** Opening RECORDED INFORMATION block **

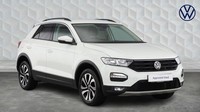 2022 Volkswagen T-Roc 1.0 TSI Active Euro 6 5-door SUV Petrol Manual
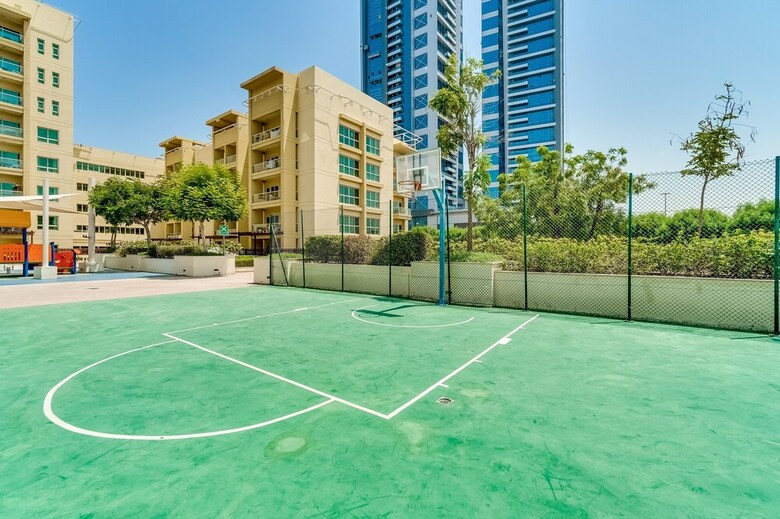 Short Booking - 1 Bdr Apartment Greens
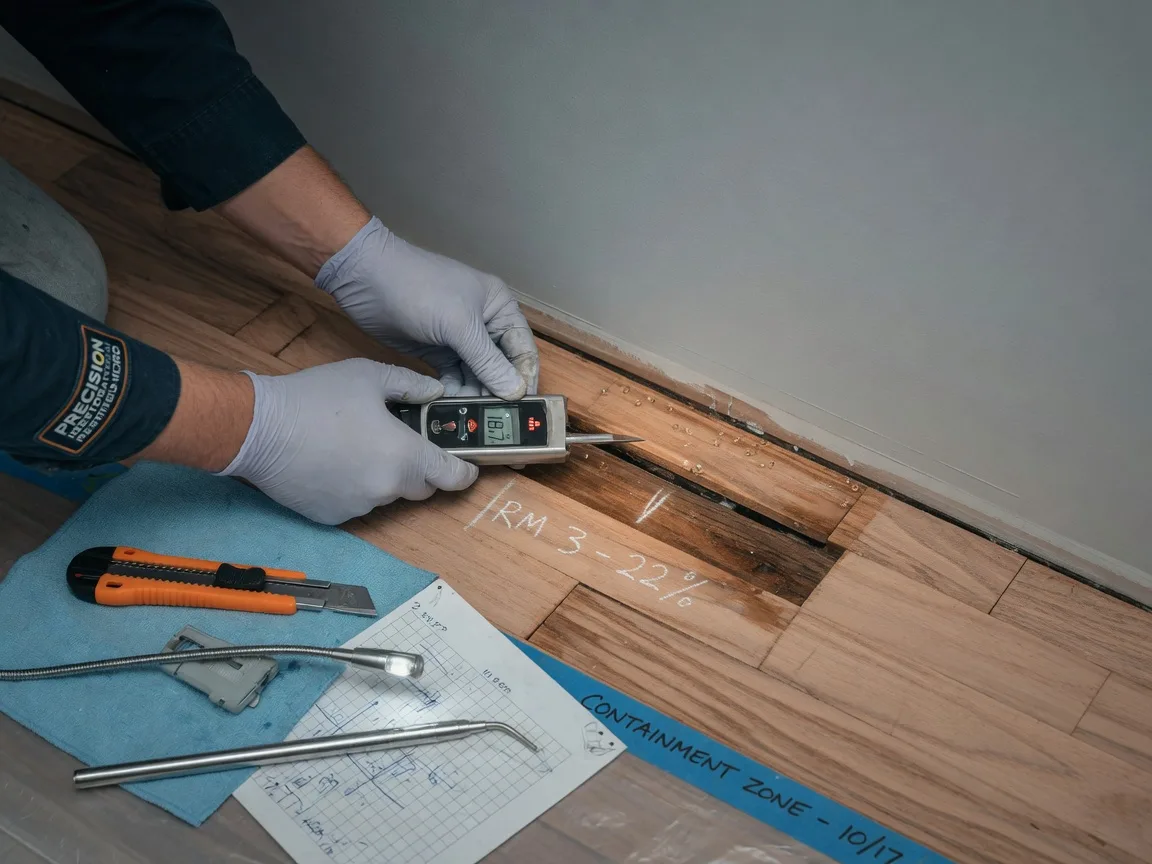 Why choose Water Removal in Quincy, KY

** Closing RECORDED INFORMATION block **

WORK TO BE COMPLETED
All of the data is to be transcribed exactly, with images omitted.

TASK RESULT
 2022 Volkswagen T-Roc 1.0 TSI Active Euro 6 5-door SUV Petrol Manual
 Short Booking - 1 Bdr Apartment Greens
 Why choose Water Removal in Quincy, KY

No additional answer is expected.